As trading resumed after the U.S. Labor Day holiday, new economic data rekindled concerns about the economy’s health.
U.S. manufacturing data for August missed the forecast of 47.5, coming in at 47.2, slightly above July’s 46.8.
With a slew of economic reports due this week, including the monthly jobs report, investors will closely monitor these figures ahead of the Federal Reserve’s interest rate decision on September 18.
Odds favour a 25-basis-point cut, though some anticipate a larger 50-basis-point reduction.
The U.S. jobs report, due Friday, is expected to show an increase of 164,000 jobs in August, up from 114,000 in July.
Based on technical assessment, the Relative Strength Index (RSI) is negative, the Moving Average Convergence Divergence (MACD) holds a weak bias, and the Average Directional Index (ADX) indicates a ranging market.

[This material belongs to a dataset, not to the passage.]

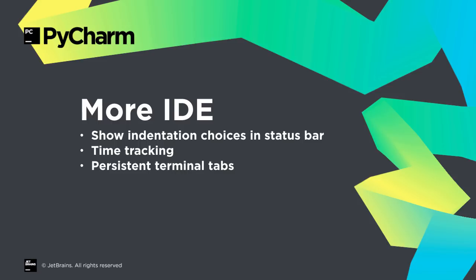PyCharm 2018.3 has other platform improvements. Indentation choices in status bar, a time tracking tool integrated with tickets and branches, and terminal tabs that persist across restarts.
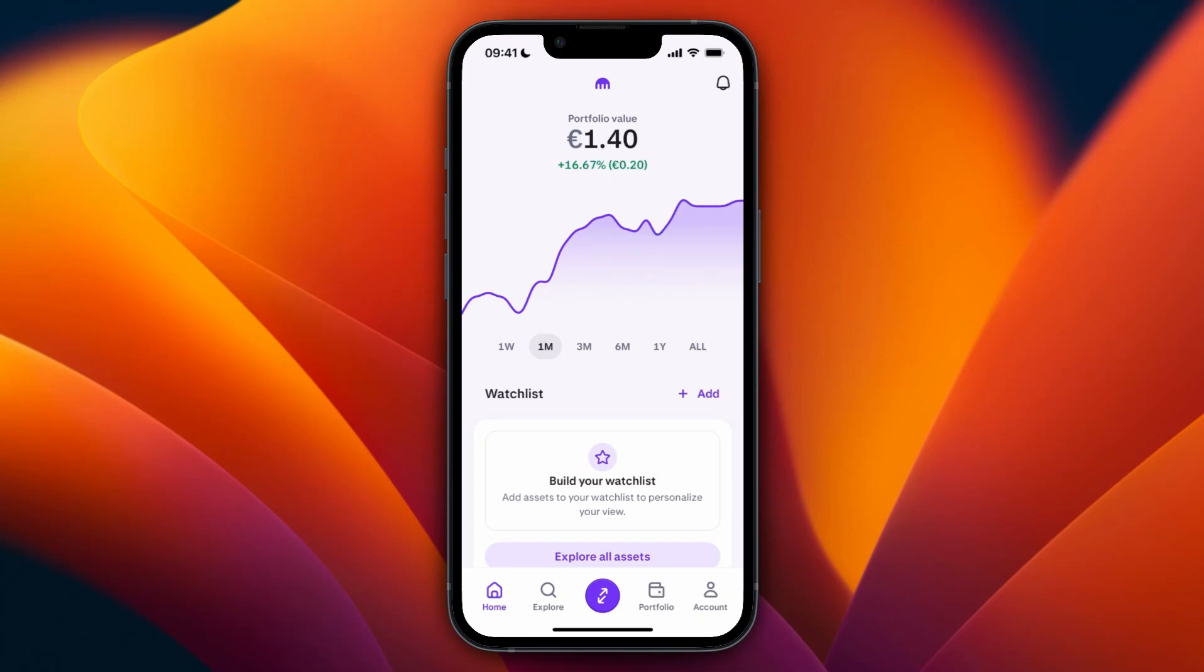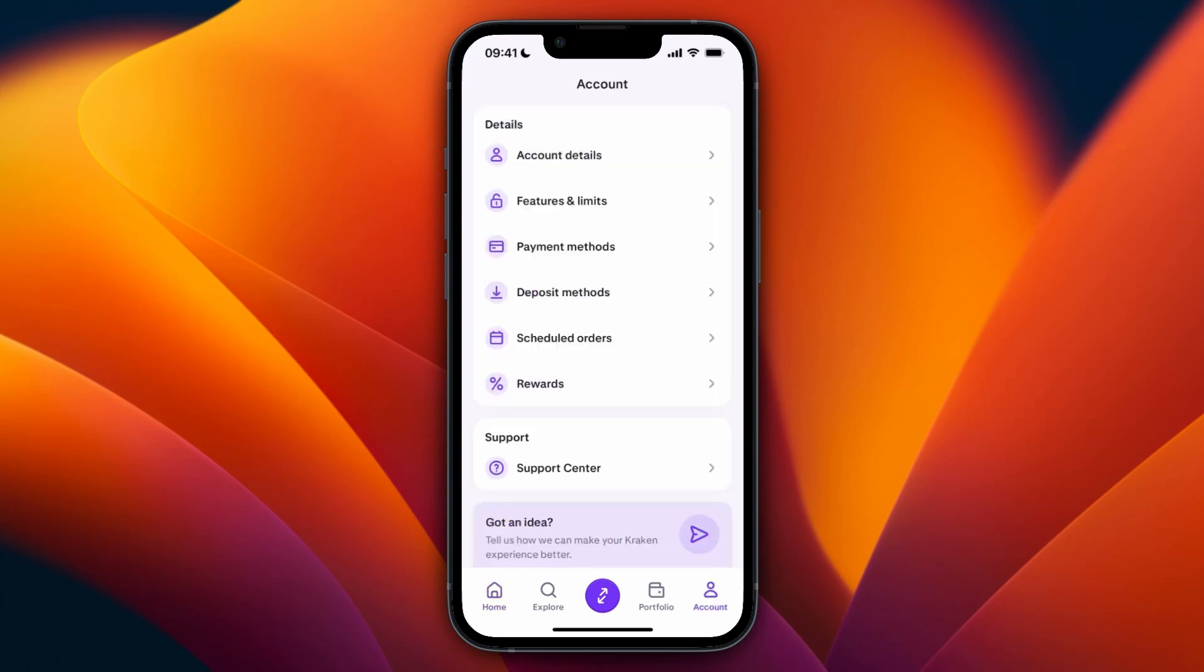In this video, I will show you how to delete your Kraken account. To do this, just go and open up the Kraken app and click Account in the bottom right. From here, you want to click on Account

Although the gold market has weakened, the broader view is expected to remain bullish.
However, traders should monitor signals closely and adjust risk management strategies accordingly.
With the support intact at $2,488, the bullish bias may continue, aiming for resistance at $2,517-19.
A break above this level could lead to a $2,530-32 target and reassess positions from there. Beneath $2,488 views, the area of $2,458-62.